● Task brief
Omit all images, then repeat exactly the lines below from the one containing "Fossilized Shark Tooth" through the one containing "Enlarge PATSY, a", both ends included.

--- Information Enclosed Below ---

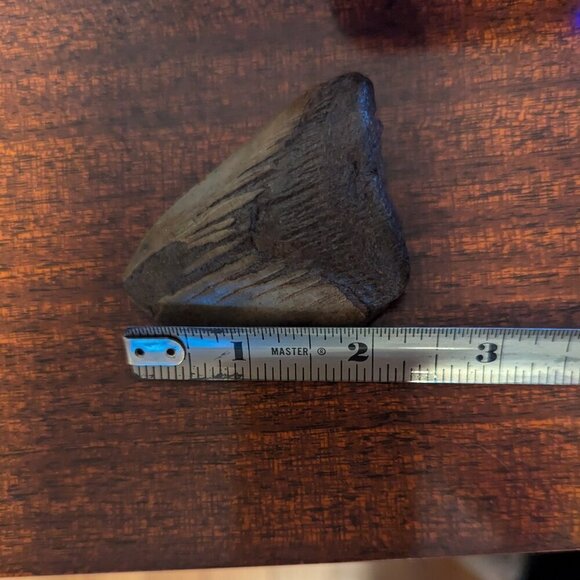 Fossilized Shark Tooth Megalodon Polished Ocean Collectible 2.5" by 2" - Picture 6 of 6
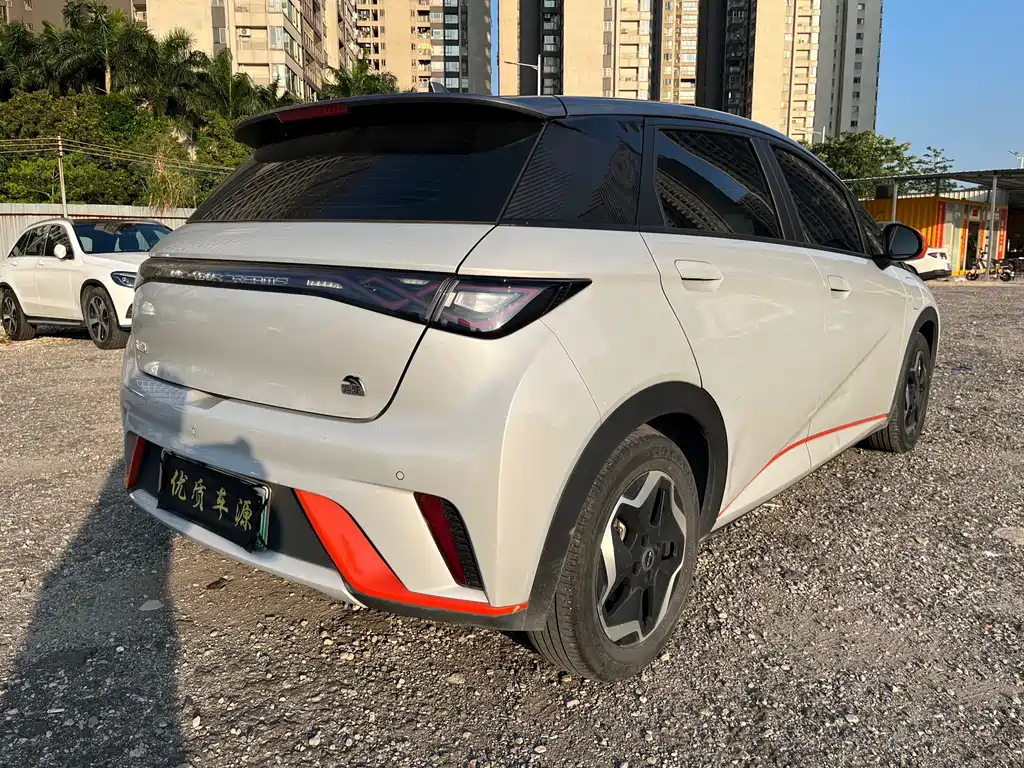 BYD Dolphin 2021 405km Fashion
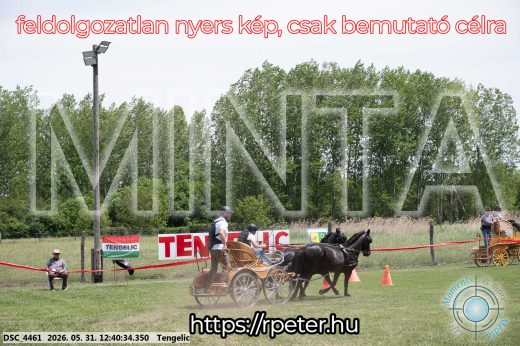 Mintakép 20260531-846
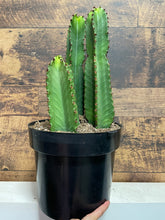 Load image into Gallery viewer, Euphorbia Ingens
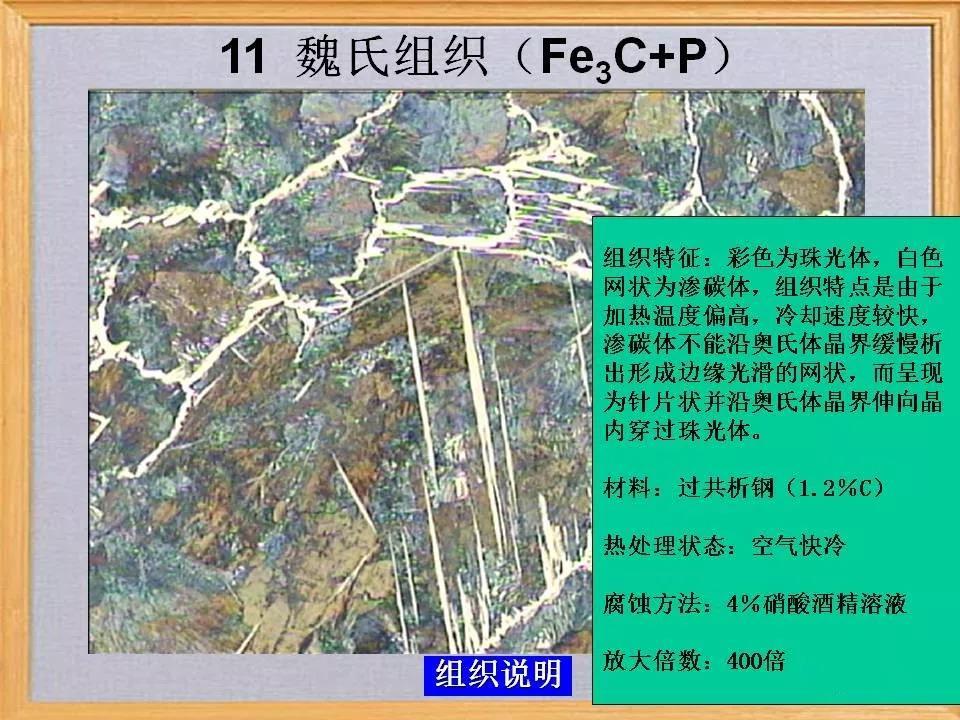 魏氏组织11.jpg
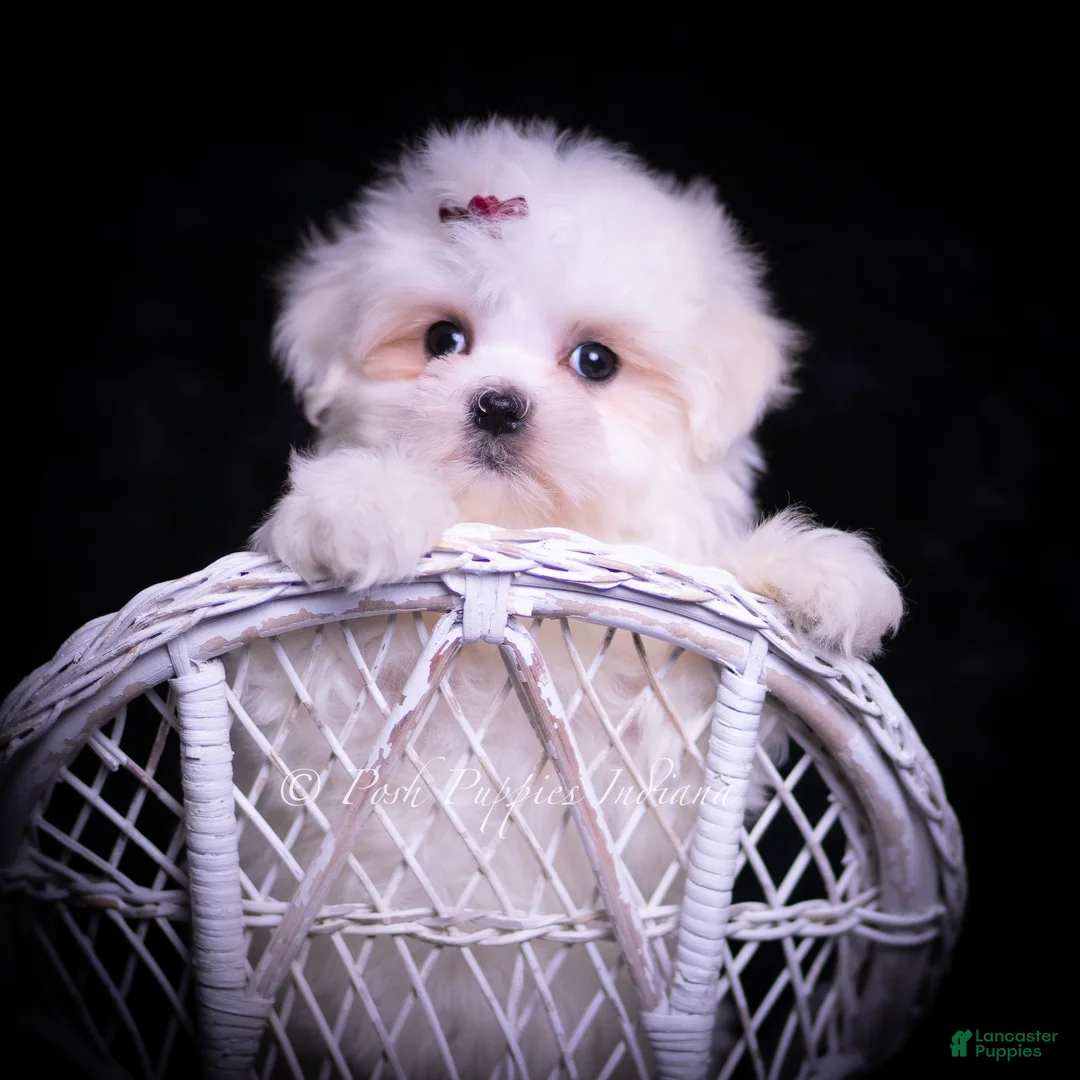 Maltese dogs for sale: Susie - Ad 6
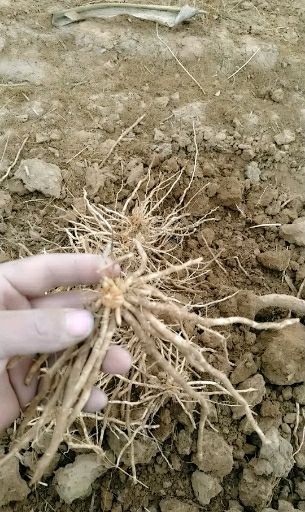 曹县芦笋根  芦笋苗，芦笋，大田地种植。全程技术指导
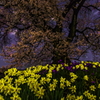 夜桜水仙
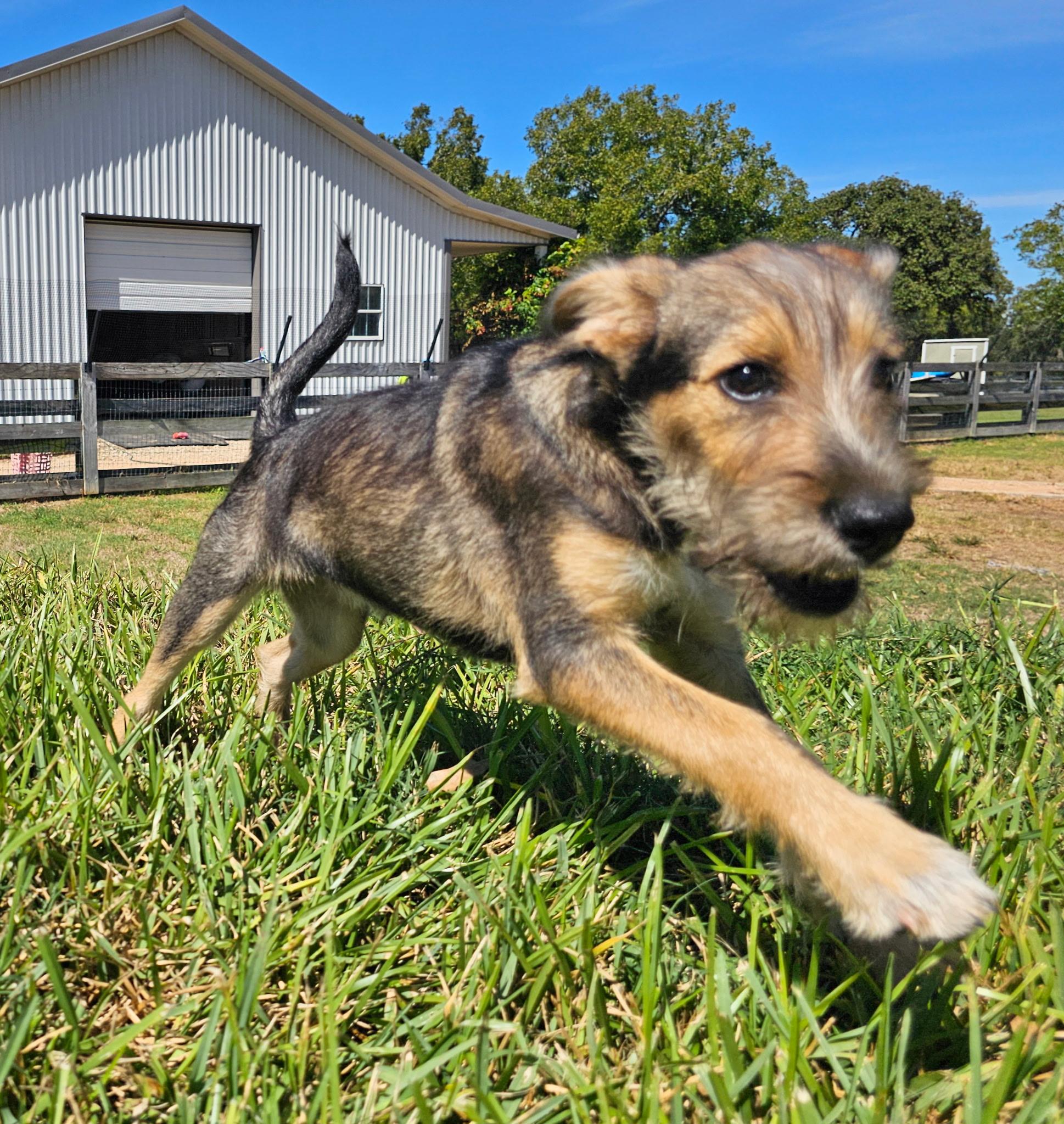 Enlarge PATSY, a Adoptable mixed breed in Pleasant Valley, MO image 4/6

--- End of Enclosed Information ---
--- Information Enclosed Below ---

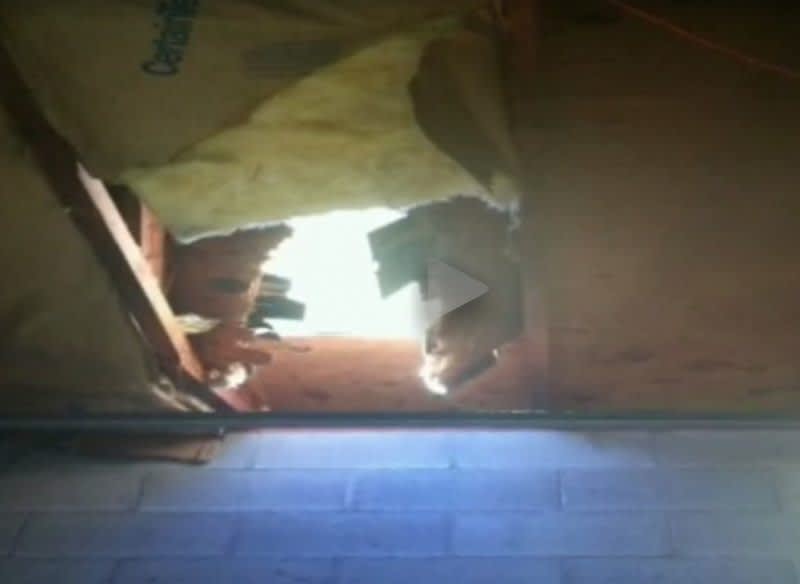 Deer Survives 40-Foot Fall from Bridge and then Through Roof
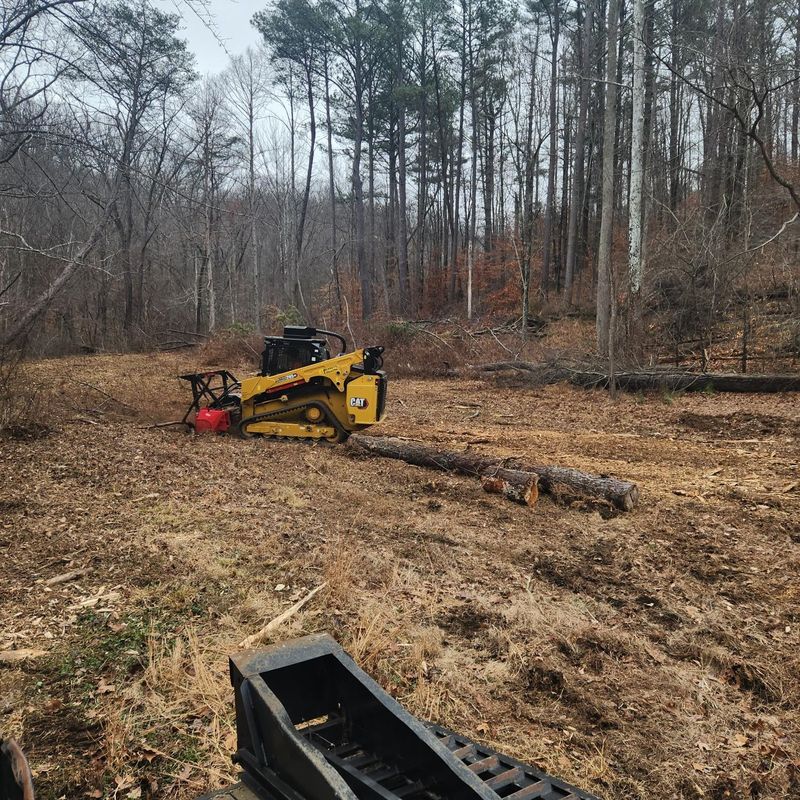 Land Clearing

--- End of Enclosed Information ---

● Exercise output
 Fossilized Shark Tooth Megalodon Polished Ocean Collectible 2.5" by 2" - Picture 6 of 6
 BYD Dolphin 2021 405km Fashion
 Mintakép 20260531-846
 Load image into Gallery viewer, Euphorbia Ingens
 魏氏组织11.jpg
 Maltese dogs for sale: Susie - Ad 6
 曹县芦笋根  芦笋苗，芦笋，大田地种植。全程技术指导
 夜桜水仙
 Enlarge PATSY, a Adoptable mixed breed in Pleasant Valley, MO image 4/6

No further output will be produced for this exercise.